What the task requires
Apart from the pictures, every line below needs to be reproduced verbatim.

Given entries
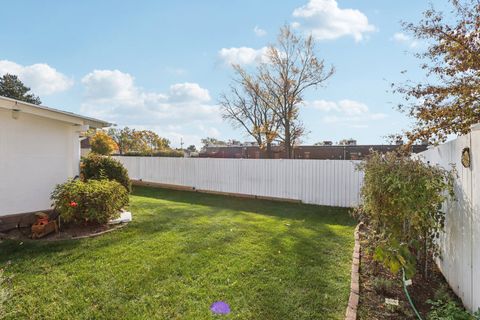 Tiny photo for 73 Hastings Avenue, Elk Grove Village, IL 60007 (MLS # 12511088)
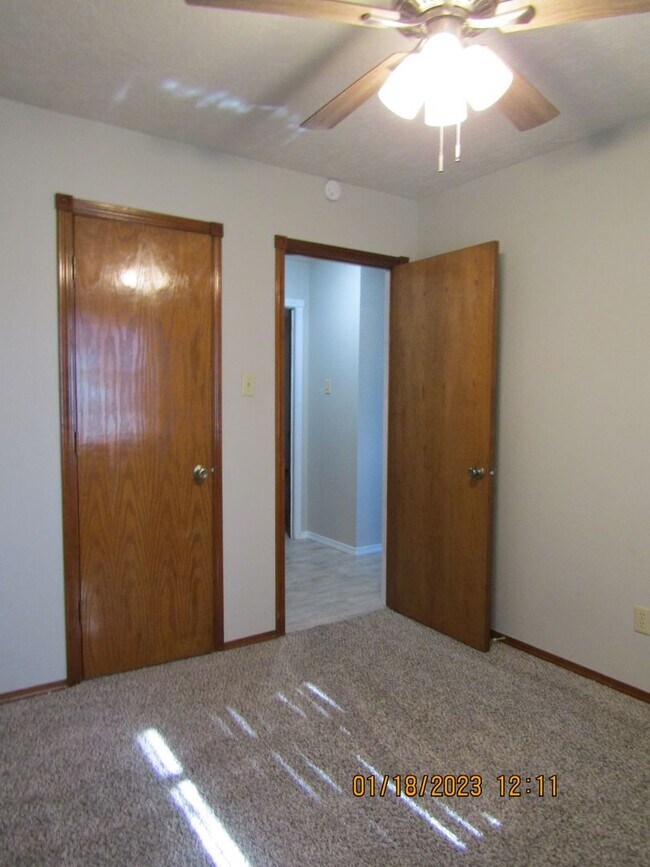 Building Photo - Great Home Located on the Eastside/Sungate...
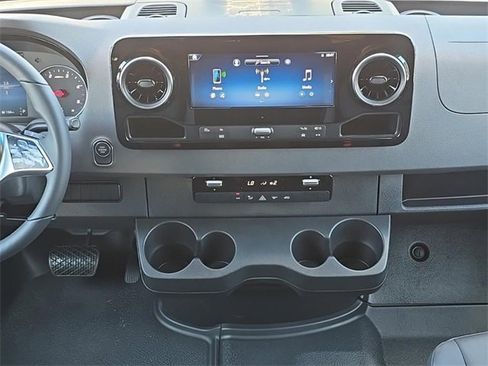 New 2025 Mercedes-Benz Sprinter 2500 image 15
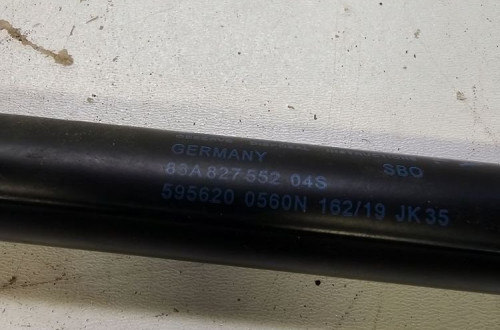 SIŁOWNIK TELESKOP KLAPY TYŁ AUDI Q3 F3 83A827552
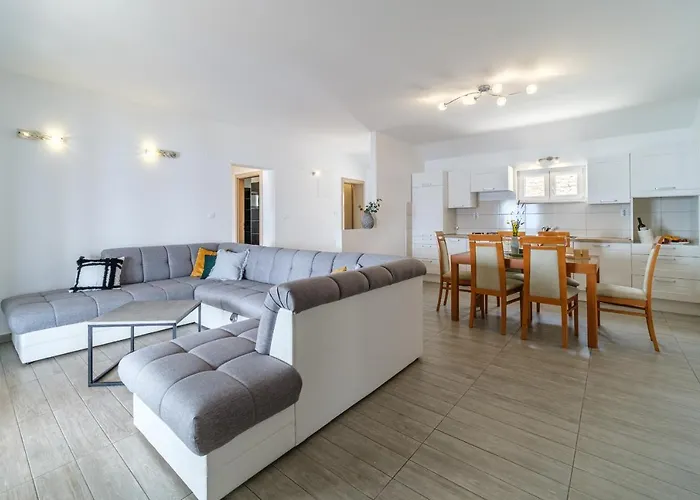 Appartement Plaza Divuje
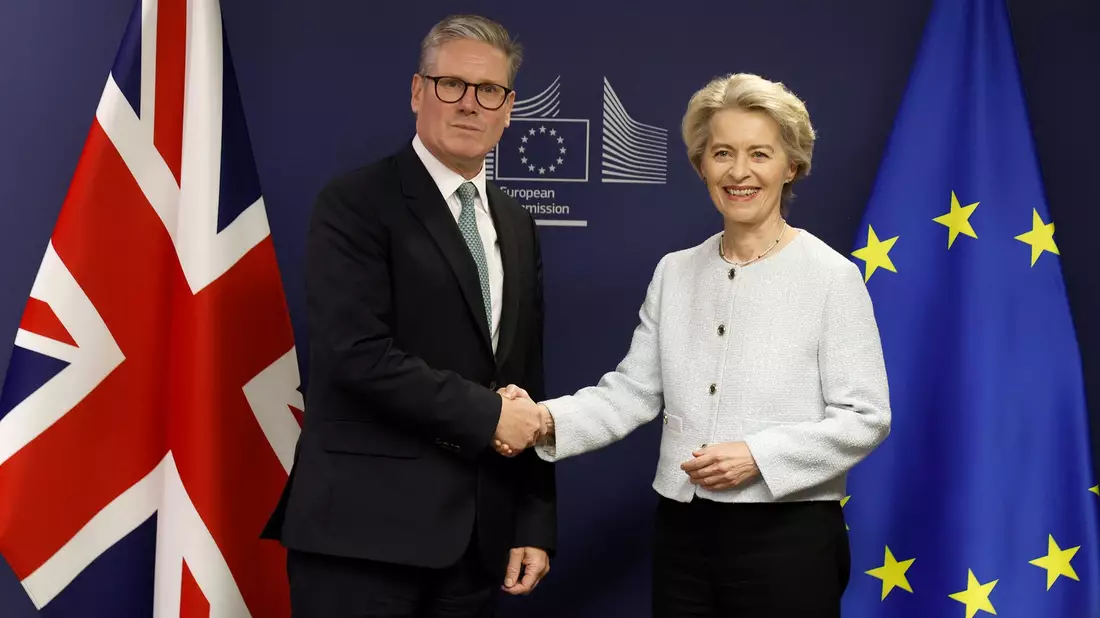 Seit dem Amtsantritt des sozialdemokratischen Premierministers Keir Starmer im Juli hat sich der Ton zwischen Brüssel und London deutlich verbessert. (Archivbild) - Bild: Omar Havana/AP/dpa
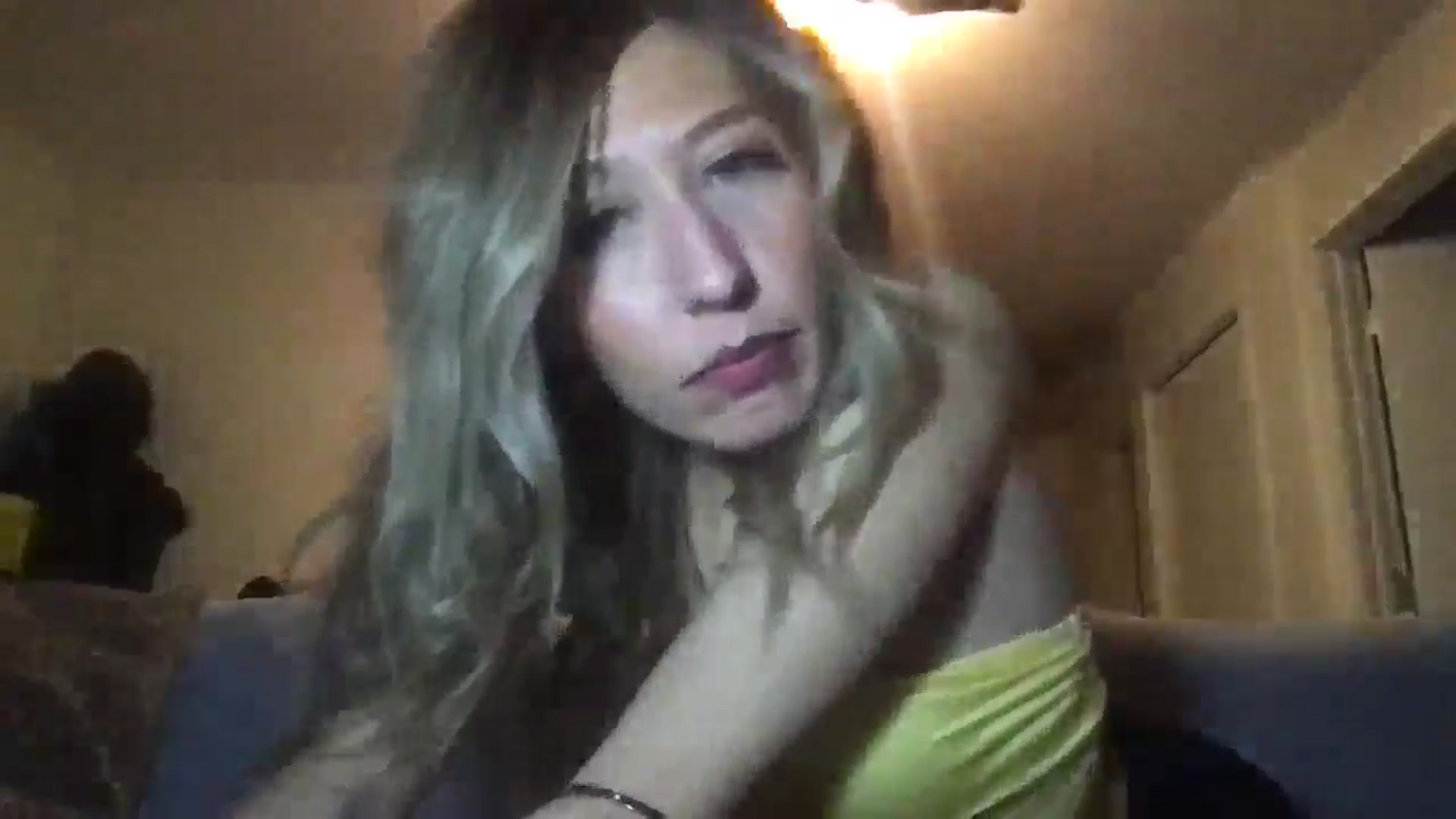 Gallery image thumbnail from Kaylie_Mae1's myfreecams stream on, 04/01/2026, 12:14 image 11 of 20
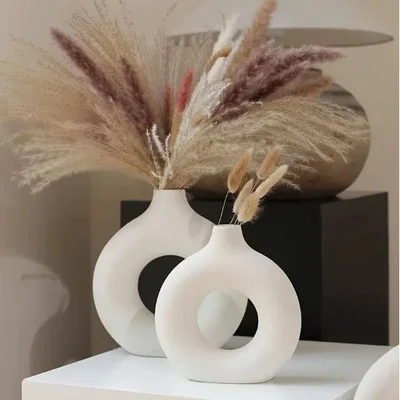 Mẫu bình hoa trang trí 3D hình chiếc bánh Donut hiện đại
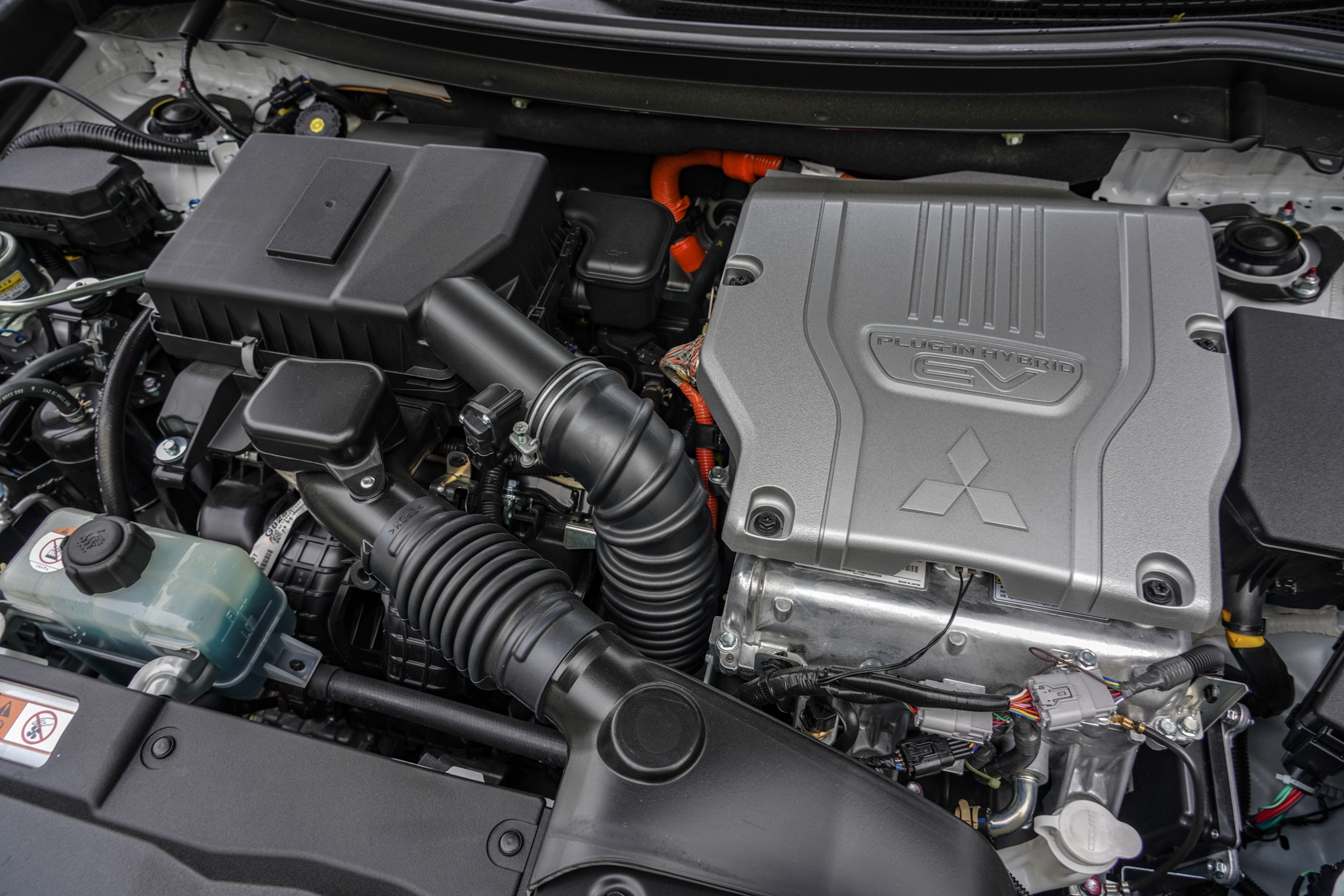 三菱 アウトランダーPHEV
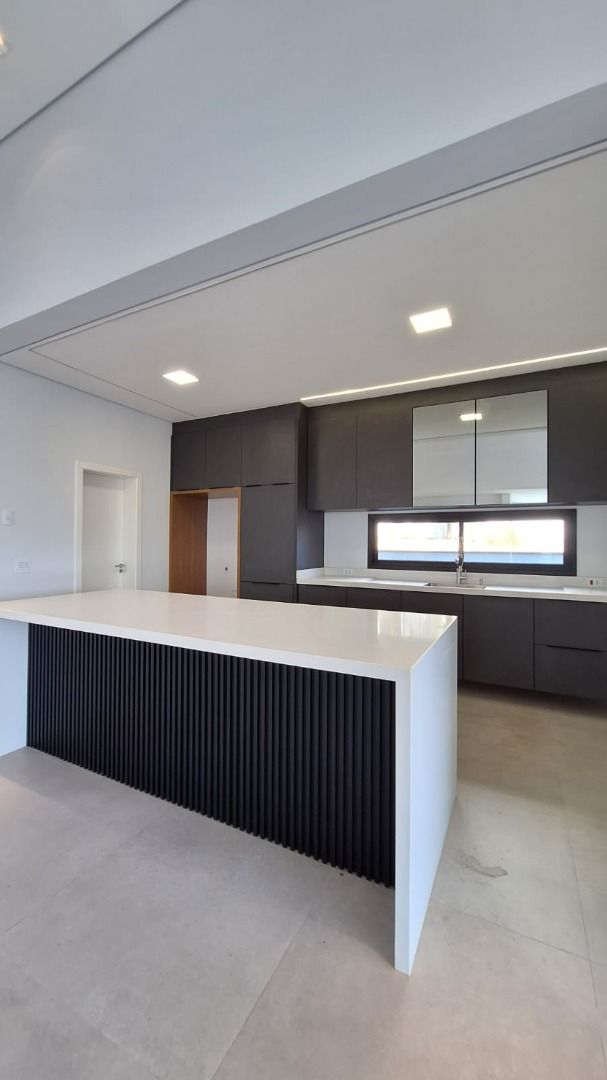 Casa de condomínio à venda no Condomínio Campos de Santo Antônio:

Result of the exercise
 Tiny photo for 73 Hastings Avenue, Elk Grove Village, IL 60007 (MLS # 12511088)
 Building Photo - Great Home Located on the Eastside/Sungate...
 New 2025 Mercedes-Benz Sprinter 2500 image 15
 SIŁOWNIK TELESKOP KLAPY TYŁ AUDI Q3 F3 83A827552
 Appartement Plaza Divuje
 Seit dem Amtsantritt des sozialdemokratischen Premierministers Keir Starmer im Juli hat sich der Ton zwischen Brüssel und London deutlich verbessert. (Archivbild) - Bild: Omar Havana/AP/dpa
 Gallery image thumbnail from Kaylie_Mae1's myfreecams stream on, 04/01/2026, 12:14 image 11 of 20
 Mẫu bình hoa trang trí 3D hình chiếc bánh Donut hiện đại
 三菱 アウトランダーPHEV
 Casa de condomínio à venda no Condomínio Campos de Santo Antônio:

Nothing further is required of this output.